Last Updated on Saturday, 26 December 2015, 21:01 by GxMedia
As the international battle continues over the United States’ (US) desire to capture and prosecute American intelligence leaker Edward Snowden, Guyana’s President Donald Ramotar on Thursday said his country does not read citizens’ correspondence.
Though the Guyanese leader made no reference to Snowden, he told the opening of an Investment Conference whose audience included US Ambassador Brent Hardt that his country would not violate the privacy of correspondence.
“We do not interfere in people’s privacy. We do not read their mail or anything like that. That is an era that I hope is passed forever in our country” a remark that evoked mild snigger in the main room of the Guyana International Conference Centre (GICC).
Ramotar reiterated that the media was free and open and government believes in the rule of law.
The Guyana government had, however, been accused of aiding and abetting now convicted drug lord Shaheed ‘Roger’ Khan in procuring sopphisticated mobile phone tapping equipment to help track down heavily armed gang members. A Guyana Defence Force (GDF) patrol had seized one piece of equipment but it appeared that there had been more than one because another almost identical device had been tendered in a New York court during Khan’s trial.
The American is wanted for leaking to the media that the US is systematically seizing vast amounts of phone and web data under a surveillance programme known as Prism. They include access to e-mail, chatrooms, phone records and social media accounts.

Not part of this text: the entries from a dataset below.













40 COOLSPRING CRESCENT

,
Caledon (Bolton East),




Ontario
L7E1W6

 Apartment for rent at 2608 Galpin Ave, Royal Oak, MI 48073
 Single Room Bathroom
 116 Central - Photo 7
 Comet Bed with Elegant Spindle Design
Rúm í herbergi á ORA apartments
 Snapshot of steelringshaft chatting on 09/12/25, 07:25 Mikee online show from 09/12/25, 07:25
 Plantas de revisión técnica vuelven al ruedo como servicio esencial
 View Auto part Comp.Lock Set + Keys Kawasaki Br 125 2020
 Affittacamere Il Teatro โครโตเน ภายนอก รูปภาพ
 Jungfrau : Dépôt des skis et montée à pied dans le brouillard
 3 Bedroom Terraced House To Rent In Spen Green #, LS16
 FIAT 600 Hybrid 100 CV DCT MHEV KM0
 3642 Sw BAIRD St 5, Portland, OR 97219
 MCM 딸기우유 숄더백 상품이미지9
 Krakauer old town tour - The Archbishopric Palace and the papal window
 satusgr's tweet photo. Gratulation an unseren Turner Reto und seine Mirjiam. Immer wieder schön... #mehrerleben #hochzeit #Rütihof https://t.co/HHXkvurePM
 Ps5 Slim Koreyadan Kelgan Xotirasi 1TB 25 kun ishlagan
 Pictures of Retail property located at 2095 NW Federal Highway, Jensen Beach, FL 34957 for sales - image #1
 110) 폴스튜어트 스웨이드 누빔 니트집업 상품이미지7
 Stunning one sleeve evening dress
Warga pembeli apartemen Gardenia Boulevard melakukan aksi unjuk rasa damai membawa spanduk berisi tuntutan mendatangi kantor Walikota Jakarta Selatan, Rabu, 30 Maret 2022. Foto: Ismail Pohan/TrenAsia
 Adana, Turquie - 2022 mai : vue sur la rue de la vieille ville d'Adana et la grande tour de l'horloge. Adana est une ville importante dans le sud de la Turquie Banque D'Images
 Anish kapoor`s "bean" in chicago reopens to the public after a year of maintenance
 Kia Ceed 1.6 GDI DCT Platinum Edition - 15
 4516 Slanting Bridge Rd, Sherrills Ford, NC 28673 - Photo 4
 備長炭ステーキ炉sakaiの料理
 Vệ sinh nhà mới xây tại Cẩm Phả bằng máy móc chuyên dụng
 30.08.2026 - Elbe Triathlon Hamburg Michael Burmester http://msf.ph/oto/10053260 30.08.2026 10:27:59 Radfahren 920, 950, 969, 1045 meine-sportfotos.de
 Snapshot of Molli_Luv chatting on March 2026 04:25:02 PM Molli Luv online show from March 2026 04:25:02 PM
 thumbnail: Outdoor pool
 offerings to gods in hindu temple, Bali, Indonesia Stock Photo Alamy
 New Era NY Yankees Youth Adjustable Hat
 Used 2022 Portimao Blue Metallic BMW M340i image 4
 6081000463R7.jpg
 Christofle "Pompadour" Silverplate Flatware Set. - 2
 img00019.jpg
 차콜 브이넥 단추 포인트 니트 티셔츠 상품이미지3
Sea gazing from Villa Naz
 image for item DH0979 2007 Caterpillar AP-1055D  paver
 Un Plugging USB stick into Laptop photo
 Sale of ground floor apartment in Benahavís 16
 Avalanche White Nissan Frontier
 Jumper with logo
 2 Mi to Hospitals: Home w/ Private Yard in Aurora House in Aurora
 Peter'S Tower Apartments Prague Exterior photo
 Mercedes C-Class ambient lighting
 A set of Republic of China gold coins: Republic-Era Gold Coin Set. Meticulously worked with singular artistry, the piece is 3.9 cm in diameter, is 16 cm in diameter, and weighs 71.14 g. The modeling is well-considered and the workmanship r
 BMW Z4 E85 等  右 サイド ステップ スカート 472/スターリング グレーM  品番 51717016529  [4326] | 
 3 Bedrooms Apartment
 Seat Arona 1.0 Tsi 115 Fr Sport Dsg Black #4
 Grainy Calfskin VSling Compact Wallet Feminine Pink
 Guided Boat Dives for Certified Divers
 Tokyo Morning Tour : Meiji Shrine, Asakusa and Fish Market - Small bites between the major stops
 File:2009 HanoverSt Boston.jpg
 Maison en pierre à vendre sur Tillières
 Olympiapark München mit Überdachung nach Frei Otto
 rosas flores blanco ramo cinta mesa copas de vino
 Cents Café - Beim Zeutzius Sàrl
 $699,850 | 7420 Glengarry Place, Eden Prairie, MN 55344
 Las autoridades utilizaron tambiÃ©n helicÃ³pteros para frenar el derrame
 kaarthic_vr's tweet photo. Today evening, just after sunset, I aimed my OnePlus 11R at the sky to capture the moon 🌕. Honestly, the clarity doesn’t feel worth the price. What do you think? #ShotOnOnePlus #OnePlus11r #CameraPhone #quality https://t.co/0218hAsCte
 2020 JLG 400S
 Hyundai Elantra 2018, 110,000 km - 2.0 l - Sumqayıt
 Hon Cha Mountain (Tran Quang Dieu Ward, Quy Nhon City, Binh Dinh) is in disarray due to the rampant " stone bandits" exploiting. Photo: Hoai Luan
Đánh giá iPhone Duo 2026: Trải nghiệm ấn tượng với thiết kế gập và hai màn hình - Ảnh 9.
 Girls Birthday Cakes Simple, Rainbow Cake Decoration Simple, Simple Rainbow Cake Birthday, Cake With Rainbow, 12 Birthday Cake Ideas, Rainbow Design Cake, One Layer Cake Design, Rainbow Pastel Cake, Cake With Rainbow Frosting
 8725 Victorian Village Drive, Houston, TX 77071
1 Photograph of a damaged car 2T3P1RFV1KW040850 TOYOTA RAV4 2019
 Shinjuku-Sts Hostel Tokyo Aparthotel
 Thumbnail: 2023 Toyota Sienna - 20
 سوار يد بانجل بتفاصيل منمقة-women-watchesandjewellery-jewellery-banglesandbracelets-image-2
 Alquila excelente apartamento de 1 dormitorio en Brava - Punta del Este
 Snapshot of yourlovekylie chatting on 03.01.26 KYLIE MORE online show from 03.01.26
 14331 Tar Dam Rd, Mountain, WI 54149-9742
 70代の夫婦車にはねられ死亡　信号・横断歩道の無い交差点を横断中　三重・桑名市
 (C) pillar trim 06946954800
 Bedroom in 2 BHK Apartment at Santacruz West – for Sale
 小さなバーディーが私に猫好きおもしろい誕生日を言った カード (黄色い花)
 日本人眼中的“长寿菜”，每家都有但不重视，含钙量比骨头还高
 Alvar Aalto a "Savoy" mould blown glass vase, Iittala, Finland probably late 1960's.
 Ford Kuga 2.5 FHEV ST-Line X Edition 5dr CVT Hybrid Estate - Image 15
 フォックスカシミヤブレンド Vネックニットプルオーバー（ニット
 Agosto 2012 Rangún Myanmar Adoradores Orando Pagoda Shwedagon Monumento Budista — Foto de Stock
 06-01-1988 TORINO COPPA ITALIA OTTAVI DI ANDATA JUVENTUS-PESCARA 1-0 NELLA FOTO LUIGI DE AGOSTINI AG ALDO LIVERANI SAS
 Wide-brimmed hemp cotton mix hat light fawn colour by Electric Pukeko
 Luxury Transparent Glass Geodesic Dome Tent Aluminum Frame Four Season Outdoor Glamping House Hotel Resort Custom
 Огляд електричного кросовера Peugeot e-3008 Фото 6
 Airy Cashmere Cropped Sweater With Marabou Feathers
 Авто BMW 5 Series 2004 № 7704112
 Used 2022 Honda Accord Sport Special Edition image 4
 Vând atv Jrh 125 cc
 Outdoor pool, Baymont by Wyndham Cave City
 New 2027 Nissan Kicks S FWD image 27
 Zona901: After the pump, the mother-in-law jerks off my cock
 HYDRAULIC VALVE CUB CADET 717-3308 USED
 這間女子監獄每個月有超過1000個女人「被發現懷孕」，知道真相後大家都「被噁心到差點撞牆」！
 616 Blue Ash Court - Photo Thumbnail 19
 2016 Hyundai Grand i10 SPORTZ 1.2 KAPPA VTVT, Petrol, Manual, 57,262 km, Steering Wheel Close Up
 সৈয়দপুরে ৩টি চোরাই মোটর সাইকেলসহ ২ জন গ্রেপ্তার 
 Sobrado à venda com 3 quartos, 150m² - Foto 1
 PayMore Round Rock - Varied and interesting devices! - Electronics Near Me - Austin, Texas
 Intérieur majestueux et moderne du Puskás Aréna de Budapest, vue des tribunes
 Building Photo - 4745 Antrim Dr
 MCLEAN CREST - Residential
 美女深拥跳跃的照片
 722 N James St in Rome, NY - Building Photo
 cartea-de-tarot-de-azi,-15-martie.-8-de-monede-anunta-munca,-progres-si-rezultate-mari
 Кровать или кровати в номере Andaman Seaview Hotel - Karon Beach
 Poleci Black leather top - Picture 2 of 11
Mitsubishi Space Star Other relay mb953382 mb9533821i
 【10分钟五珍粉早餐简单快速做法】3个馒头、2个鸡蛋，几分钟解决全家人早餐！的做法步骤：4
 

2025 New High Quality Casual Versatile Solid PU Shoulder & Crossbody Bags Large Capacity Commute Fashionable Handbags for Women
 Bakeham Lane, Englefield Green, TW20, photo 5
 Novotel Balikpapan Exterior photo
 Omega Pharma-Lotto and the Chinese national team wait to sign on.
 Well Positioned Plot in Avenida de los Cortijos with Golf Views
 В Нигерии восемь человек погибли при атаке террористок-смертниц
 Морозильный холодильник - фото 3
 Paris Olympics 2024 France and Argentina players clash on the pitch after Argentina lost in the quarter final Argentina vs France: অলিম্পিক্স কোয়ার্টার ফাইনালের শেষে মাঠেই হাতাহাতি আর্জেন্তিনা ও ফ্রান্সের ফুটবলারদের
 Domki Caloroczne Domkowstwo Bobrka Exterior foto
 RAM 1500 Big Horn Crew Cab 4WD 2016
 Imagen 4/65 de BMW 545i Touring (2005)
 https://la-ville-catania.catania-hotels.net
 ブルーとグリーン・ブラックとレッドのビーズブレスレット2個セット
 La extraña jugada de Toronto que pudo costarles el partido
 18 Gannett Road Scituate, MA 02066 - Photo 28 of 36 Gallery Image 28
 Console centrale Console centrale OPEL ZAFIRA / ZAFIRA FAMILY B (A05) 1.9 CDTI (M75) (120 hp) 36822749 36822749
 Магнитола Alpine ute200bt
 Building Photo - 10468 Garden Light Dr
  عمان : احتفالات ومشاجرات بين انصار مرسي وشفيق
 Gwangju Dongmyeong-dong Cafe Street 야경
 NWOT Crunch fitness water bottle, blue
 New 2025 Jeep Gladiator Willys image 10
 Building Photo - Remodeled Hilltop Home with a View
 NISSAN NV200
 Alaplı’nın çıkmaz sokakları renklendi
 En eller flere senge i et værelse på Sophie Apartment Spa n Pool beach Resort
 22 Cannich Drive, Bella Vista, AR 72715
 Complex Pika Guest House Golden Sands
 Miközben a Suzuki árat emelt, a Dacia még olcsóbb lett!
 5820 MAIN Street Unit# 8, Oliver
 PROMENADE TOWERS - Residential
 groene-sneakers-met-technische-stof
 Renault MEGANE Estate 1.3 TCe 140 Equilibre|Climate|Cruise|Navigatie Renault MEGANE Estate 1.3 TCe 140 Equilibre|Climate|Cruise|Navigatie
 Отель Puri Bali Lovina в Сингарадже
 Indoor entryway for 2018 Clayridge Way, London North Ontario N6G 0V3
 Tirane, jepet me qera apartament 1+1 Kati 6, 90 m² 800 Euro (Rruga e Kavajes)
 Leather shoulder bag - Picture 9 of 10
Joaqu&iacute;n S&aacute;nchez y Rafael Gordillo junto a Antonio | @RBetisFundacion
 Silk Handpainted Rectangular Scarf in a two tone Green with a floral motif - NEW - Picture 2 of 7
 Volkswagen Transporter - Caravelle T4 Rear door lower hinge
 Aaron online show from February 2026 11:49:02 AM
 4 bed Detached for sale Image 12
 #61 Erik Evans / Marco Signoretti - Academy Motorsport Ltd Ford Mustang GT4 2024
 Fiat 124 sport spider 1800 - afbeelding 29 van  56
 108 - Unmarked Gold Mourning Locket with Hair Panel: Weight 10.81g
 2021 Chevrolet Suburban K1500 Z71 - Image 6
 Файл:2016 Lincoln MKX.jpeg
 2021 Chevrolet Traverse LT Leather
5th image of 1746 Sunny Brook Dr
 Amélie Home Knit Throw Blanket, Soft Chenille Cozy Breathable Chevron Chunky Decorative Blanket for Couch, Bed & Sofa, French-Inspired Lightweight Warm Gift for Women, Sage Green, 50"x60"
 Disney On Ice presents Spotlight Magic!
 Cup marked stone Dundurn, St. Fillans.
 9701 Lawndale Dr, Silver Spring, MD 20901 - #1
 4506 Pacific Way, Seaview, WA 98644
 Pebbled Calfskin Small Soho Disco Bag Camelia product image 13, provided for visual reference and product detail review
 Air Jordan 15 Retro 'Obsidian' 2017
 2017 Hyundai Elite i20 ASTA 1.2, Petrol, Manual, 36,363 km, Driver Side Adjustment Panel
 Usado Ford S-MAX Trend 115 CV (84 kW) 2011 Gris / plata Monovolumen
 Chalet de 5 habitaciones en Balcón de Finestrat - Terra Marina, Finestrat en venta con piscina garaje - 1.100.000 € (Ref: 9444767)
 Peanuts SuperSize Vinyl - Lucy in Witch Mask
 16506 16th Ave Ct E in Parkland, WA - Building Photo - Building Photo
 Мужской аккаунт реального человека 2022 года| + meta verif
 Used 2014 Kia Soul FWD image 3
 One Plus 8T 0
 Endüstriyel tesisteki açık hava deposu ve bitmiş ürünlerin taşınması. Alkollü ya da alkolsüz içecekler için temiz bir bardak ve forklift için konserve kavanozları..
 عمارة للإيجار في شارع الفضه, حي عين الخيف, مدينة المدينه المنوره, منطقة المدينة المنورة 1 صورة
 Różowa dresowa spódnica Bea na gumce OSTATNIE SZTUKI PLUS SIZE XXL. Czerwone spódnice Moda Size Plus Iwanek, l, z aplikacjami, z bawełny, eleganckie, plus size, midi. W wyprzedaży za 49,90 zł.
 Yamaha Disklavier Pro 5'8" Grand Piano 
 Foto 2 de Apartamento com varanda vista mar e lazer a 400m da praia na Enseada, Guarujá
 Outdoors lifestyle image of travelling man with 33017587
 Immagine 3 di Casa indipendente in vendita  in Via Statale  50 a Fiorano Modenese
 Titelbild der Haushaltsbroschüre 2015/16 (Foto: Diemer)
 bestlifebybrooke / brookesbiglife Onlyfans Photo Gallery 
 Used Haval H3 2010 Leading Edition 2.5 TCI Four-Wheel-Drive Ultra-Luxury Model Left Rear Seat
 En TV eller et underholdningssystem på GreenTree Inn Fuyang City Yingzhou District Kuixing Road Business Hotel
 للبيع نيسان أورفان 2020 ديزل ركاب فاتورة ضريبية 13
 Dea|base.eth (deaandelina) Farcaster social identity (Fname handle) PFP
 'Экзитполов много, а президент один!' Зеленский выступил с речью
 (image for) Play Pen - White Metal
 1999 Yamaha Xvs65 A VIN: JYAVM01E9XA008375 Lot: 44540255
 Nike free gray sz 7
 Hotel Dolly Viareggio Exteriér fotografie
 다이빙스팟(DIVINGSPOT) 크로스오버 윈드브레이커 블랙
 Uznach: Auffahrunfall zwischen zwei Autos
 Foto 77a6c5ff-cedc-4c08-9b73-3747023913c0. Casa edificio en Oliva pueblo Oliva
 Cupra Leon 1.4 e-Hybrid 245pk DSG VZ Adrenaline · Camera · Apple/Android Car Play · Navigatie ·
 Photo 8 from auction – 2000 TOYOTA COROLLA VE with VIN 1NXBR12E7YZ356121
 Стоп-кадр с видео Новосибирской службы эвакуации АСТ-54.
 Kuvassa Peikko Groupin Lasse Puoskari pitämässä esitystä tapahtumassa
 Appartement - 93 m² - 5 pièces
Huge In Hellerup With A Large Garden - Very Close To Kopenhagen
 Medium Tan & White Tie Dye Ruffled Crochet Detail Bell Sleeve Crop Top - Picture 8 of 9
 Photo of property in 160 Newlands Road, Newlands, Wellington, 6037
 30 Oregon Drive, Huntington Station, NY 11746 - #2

Snowden, who first gave the expose from a hideout in Hong Kong, has since flown to Moscow, Russia where he has been staying at the Sheremetyevo Airport
Earlier this week, there had been speculation of him flying to Ecuador via Cuba but so far he has not left Russia. The US has so far failed in its demands to get Russia to hand over the fugitive.
The BBC quoted US President Barack Obama as saying during an official visit to Senegal that the leak highlighted significant vulnerabilities at the National Security Agency, the US electronic spying organisation where Mr Snowden worked as a contractor until last month.
The remarks come a day after the chairman of the US Senate foreign relations committee, Robert Menendez, proposed punishing Ecuador economically if it offered asylum to Mr Snowden.